今となっては日本国内でもJINSなどのアイウェアブランドがバーチャル試着を取り入れていますが、試着が必須なメガネをあえてオンラインで販売するという挑戦が、競合相手の少ない市場で活路を見出し、企業の成功へと導いたといえるでしょう。
ROCKETS OF AWESOME
ROCKETS OF AWESOME(ロケッツ・オブ・オーサム)は、子供服を扱うアパレルブランドです。子供服が定期的に届くサブスクリプション型サービスを展開し、ブランドを成功へと導きました。
成功した理由のひとつとして、ユーザーに寄り添ったサブスクリプションモデルを展開したことが挙げられます。
ユーザーへのアンケート結果を元に、子供の好みやサイズ、季節に合わせた洋服が届くという仕組みは、自宅にいながらショッピングをしている感覚になると話題になりました。また、気に入らない洋服は着払いで返送することできるため、より子供の好みに合わせた服をチョイスできると人気を集めました。
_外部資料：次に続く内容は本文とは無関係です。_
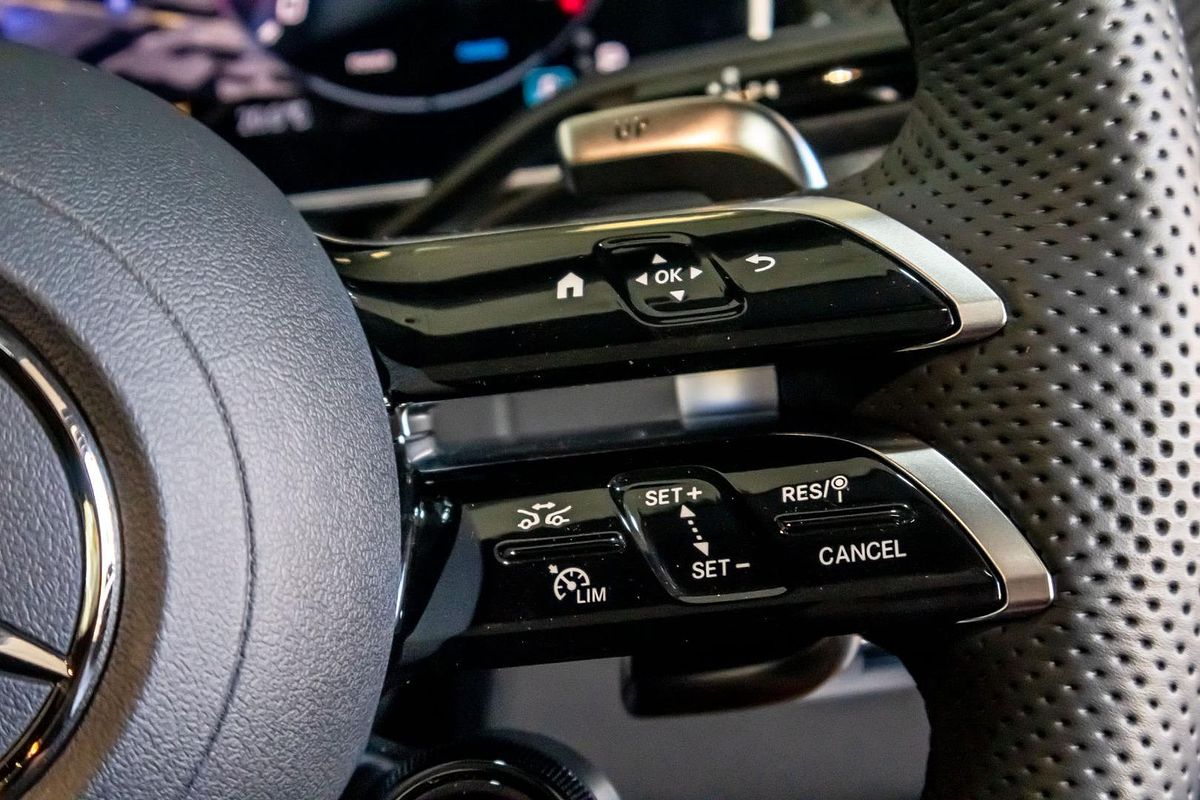 C254 806MY GLC43 AMG CPE SSM 9 sp 2.0T/10kW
よりユーザーに寄り添ったサブスクリプションを展開したことが、ロケッツ・オブ・オーサムの成功に繋がったといえるでしょう。
まとめ
DtoCの特徴やメリットデメリット、成功事例などを紹介しました。これから事業を成長させるうえでかかせないDtoCですが、DtoCのビジネスモデルのみで成功するのは容易ではありません。
また、ECサイトを運営するうえで、ユーザーに寄り添った商品やサービスを提供することが大前提です。そして、SNSなどのチャネルを駆使してユーザーから情報を収集し、品質やサービスを向上させることが重要です。本記事を参考に、ぜひDtoC事業に挑戦してみてください。